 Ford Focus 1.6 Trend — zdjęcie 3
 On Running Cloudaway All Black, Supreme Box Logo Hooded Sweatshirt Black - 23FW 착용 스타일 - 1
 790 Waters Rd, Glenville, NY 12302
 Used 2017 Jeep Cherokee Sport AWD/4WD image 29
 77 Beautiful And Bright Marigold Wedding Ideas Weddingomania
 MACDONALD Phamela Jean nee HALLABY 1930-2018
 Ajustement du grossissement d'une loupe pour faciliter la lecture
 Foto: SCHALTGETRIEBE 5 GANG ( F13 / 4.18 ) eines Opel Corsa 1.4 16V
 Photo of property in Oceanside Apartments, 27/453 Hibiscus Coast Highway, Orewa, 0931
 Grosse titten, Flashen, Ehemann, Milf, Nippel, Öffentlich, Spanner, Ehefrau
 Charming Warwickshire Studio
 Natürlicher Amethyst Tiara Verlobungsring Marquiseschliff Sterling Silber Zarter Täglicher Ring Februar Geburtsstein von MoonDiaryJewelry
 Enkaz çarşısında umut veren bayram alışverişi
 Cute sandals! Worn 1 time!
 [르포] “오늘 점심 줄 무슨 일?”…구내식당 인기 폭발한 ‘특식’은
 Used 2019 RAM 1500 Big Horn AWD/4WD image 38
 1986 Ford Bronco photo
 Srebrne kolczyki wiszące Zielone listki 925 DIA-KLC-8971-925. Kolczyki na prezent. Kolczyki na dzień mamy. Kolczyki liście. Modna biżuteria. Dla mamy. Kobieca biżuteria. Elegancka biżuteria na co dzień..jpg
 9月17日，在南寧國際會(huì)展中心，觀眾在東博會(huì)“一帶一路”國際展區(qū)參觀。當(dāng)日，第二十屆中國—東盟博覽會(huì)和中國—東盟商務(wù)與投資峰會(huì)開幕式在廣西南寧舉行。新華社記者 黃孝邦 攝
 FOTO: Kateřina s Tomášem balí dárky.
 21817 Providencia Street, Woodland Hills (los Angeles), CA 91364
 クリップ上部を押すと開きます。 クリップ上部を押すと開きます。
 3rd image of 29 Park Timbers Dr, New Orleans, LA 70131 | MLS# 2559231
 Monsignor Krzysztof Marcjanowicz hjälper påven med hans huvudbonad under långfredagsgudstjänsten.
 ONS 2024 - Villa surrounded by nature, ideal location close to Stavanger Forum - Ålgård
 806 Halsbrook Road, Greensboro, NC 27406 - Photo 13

• **Directions**
Each record above has to be repeated word for word.

• **Answer to the exercise**
 Ford Focus 1.6 Trend — zdjęcie 3
 On Running Cloudaway All Black, Supreme Box Logo Hooded Sweatshirt Black - 23FW 착용 스타일 - 1
 790 Waters Rd, Glenville, NY 12302
 Used 2017 Jeep Cherokee Sport AWD/4WD image 29
 77 Beautiful And Bright Marigold Wedding Ideas Weddingomania
 MACDONALD Phamela Jean nee HALLABY 1930-2018
 Ajustement du grossissement d'une loupe pour faciliter la lecture
 Foto: SCHALTGETRIEBE 5 GANG ( F13 / 4.18 ) eines Opel Corsa 1.4 16V
 Photo of property in Oceanside Apartments, 27/453 Hibiscus Coast Highway, Orewa, 0931
 Grosse titten, Flashen, Ehemann, Milf, Nippel, Öffentlich, Spanner, Ehefrau
 Charming Warwickshire Studio
 Natürlicher Amethyst Tiara Verlobungsring Marquiseschliff Sterling Silber Zarter Täglicher Ring Februar Geburtsstein von MoonDiaryJewelry
 Enkaz çarşısında umut veren bayram alışverişi
 Cute sandals! Worn 1 time!
 [르포] “오늘 점심 줄 무슨 일?”…구내식당 인기 폭발한 ‘특식’은
 Used 2019 RAM 1500 Big Horn AWD/4WD image 38
 1986 Ford Bronco photo
 Srebrne kolczyki wiszące Zielone listki 925 DIA-KLC-8971-925. Kolczyki na prezent. Kolczyki na dzień mamy. Kolczyki liście. Modna biżuteria. Dla mamy. Kobieca biżuteria. Elegancka biżuteria na co dzień..jpg
 9月17日，在南寧國際會(huì)展中心，觀眾在東博會(huì)“一帶一路”國際展區(qū)參觀。當(dāng)日，第二十屆中國—東盟博覽會(huì)和中國—東盟商務(wù)與投資峰會(huì)開幕式在廣西南寧舉行。新華社記者 黃孝邦 攝
 FOTO: Kateřina s Tomášem balí dárky.
 21817 Providencia Street, Woodland Hills (los Angeles), CA 91364
 クリップ上部を押すと開きます。 クリップ上部を押すと開きます。
 3rd image of 29 Park Timbers Dr, New Orleans, LA 70131 | MLS# 2559231
 Monsignor Krzysztof Marcjanowicz hjälper påven med hans huvudbonad under långfredagsgudstjänsten.
 ONS 2024 - Villa surrounded by nature, ideal location close to Stavanger Forum - Ålgård
 806 Halsbrook Road, Greensboro, NC 27406 - Photo 13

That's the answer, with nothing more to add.